Selecting data in a range

dplyr
rstudio

#1

I have a table of counties, states and their minimum and maximum temperatures. I need to select only the counties that have temperatures in a range such as -15 degrees to 40 degrees. What function would I use?


#2

Hi, can you put your question into reprex?

It would help everyone here help you in a most straightforward manner.

One possible approach is to group by county and then summarize it with minimum and maximum of their temperatures. Then you can use this information to filter out all the counties that are in the range and join it with your original table by name.


#3

@mishabalyasin
climate.minmax <-
climate.data %>%
group_by(County, State) %>%
summarise(temp_min = min(temp_min),
temp_max = max(temp_max))

I did summarize it and that is all I have. Now I need to filter out the ones that do not fit in my desired range. How do I do that?


#4

You can use temp_min and temp_max in your new dataset to create a new variable with mutate (something like mutate(include = temp_min >= -15 & temp_max <= 40))
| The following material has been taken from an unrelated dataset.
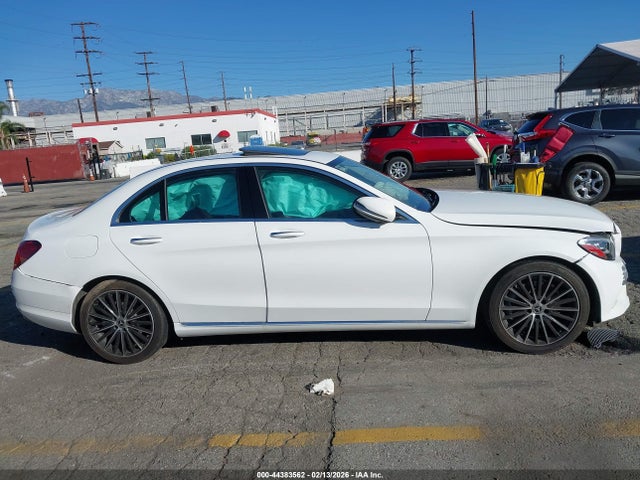 44383562 :رقم المزاد ، 55SWF8DB3LU329119 vin ، 2020 Mercedes-benz C 300 مزاد بيع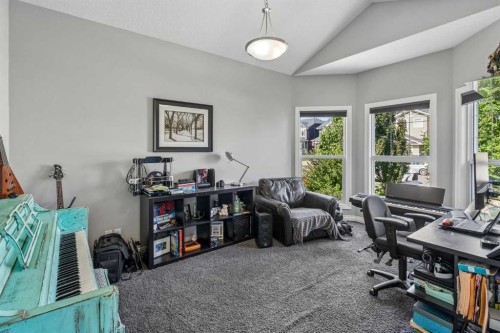2257 Bayside Circle Sw, Airdrie, AB - Indoor Photo Showing Office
Then you filter to only have rows with TRUE and use dplyr::semi_join on your original data.


#5

If you understand sql you can even try data.table package which is the fastest in entire R programming.

library(data.table)

climate.data %>% setDT()

climate.data[,.(temp_min=min(temp_min),
        temp_max=max(temp_max)),
by=.(County,State)][
(temp_min > -15) & (temp_max <40),]

FYI

data.table has a syntax like sql something like this

from[where, select, group by]